Insufficient public investment in agricultural infrastructure, inadequate institutional credit to farmers (not just for crop raising but also for investing in infrastructure facilities), increased import of agricultural products and adverse policies have impacted the country's agricultural production.

“Unless the government intervenes immediately by setting apart sufficient funds to address this issue, agriculture growth targets cannot be achieved,” the General Secretary of the All-India Cooperative Bank Employees Federation, Mr P. Balakrishnan, told Business Line .

The demands

The AICBEF is demanding that the Government:

set apart at least $50 billion (Rs 2,35,000 crore) from out of the forex reserves of around $400 billion for construction of dams and other agriculture infrastructure facilities, such as roads, transport facilities, godowns, supply of mechanical and electrical implements for farm operations;

disburse credit at not more than 4 per cent to farmers through institutional finance; and

keep at least 25 per cent of the surplus in Central and State government organisations as deposits in cooperative banks for resource mobilisation.

According to Mr Balakrishnan, “Though the national policy on agriculture is progressive, certain issues on the infrastructure front are causing a severe setback in achieving the production target.
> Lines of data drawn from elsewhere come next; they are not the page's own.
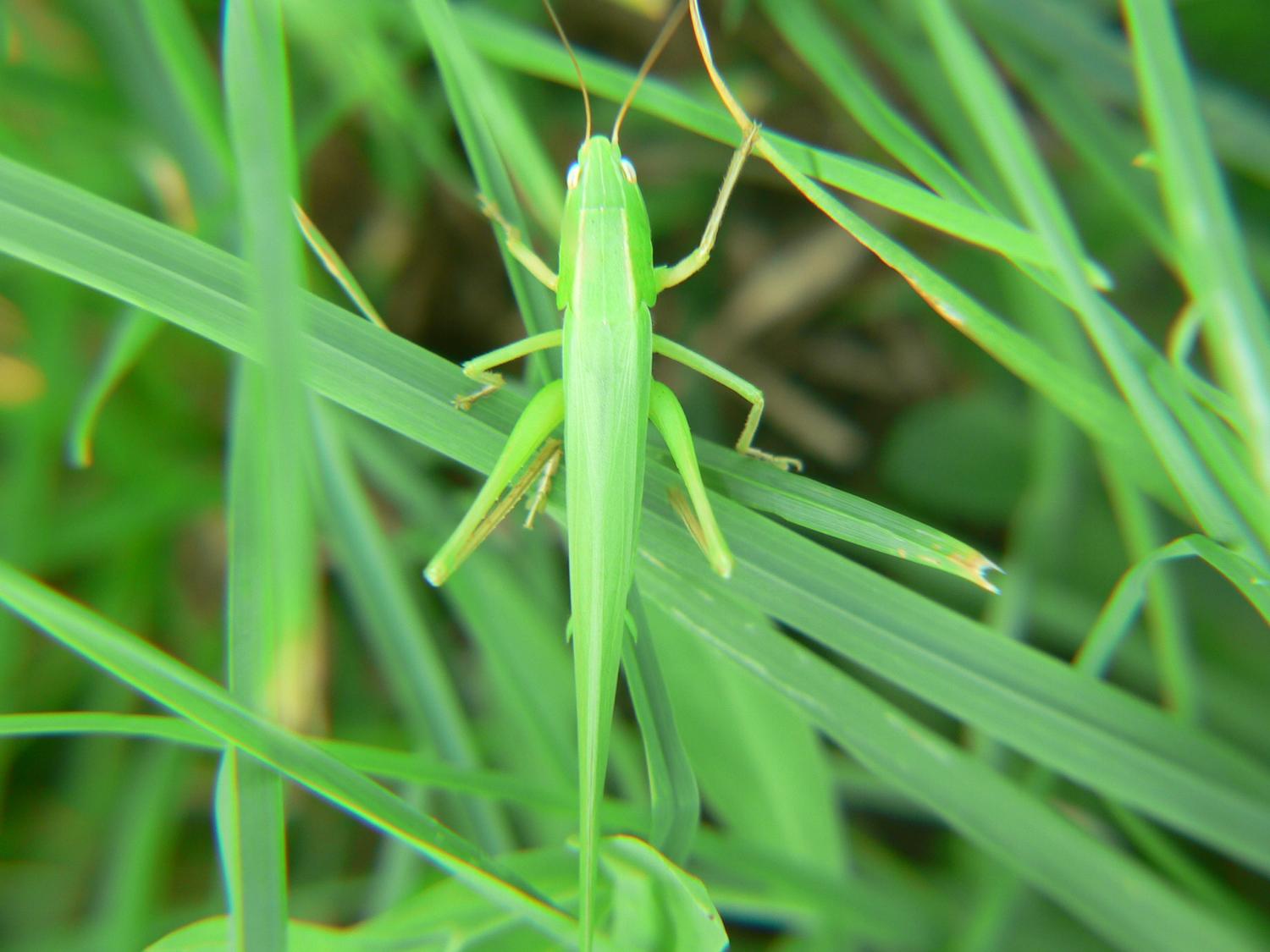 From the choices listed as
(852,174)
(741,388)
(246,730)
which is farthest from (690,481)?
(246,730)

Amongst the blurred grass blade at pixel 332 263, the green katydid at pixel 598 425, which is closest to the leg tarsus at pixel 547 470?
the green katydid at pixel 598 425

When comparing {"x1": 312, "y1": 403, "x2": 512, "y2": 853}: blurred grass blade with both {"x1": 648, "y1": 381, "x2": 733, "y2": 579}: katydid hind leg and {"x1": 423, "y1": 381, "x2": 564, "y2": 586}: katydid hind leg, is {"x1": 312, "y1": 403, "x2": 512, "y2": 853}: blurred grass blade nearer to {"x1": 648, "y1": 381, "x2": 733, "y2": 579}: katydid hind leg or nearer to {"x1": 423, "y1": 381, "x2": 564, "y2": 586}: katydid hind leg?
{"x1": 423, "y1": 381, "x2": 564, "y2": 586}: katydid hind leg

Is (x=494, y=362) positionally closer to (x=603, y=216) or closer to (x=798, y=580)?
(x=603, y=216)

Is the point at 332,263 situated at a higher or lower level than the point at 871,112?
lower

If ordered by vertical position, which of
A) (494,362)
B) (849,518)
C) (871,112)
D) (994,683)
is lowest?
(994,683)

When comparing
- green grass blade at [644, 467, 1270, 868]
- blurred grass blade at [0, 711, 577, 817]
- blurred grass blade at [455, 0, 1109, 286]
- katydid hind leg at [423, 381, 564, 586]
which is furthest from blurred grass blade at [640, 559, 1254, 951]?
blurred grass blade at [455, 0, 1109, 286]

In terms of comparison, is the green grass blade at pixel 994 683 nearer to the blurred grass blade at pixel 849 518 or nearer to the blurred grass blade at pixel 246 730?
the blurred grass blade at pixel 849 518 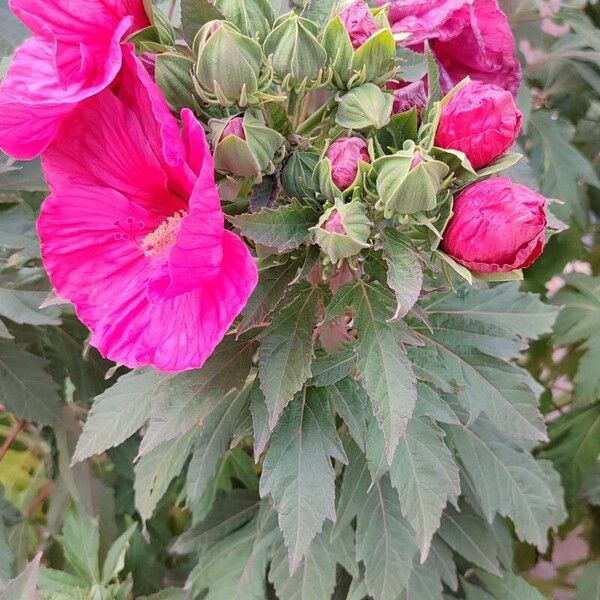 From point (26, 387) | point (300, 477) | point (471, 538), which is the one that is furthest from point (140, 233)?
point (471, 538)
The rural development expenditure as a percentage of net national product doubled to 4 per cent in 1978 from 2 per cent in 1971 but thereafter dwindled to 2.5 per cent from the early part of this century.

“Laxity in giving protection to farmers combined with reduction in public investment in rural areas and relatively low levels of investment in agricultural research and infrastructure have contributed to the agrarian crisis gripping the economy.”

This, coupled with poor storage facilities, inadequate transportation for carrying harvested foodgrains, no modern techniques and excessive reliance on manpower for cultivation purposes have further aggravated the situation.

“The per capita net availability of foodgrains has dropped from 183.6 kg/year in 1997 to 180.4 kg/year in 2002 and further down to 162.1 kg/year in 2009.

“While the population growth is 1.9 per cent, the rate of growth in food production is lower at 1.67 per cent.

“Agricultural productivity can be increased only by improving agriculture infrastructure, else, the future population of the country would suffer for want of food,” he reiterated.

Loan formalities

Mr Balakrishnan also said that there were numerous formalities and number of bottlenecks in sanctioning of loans to farmers, mainly by the cooperatives.

“A farmer finds it extremely difficult to get the loan at the appropriate time. As a stopgap arrangement, he seeks assistance from usurious moneylenders. If the farmer is assured of an option for borrowing with available insurance services, he will be able to concentrate on risky but efficient investments.

“Instead of providing more funds for subsidies, the Government should consider allocating more funds for infrastructure development and commercially viable technological innovations. Cooperative banks should be allowed to play a major role in providing agriculture credit,” he added.

Farm credit is increasingly being used as a political weapon to outwit the rivals in the political scenario in different States, he said, and called for a halt to this practice.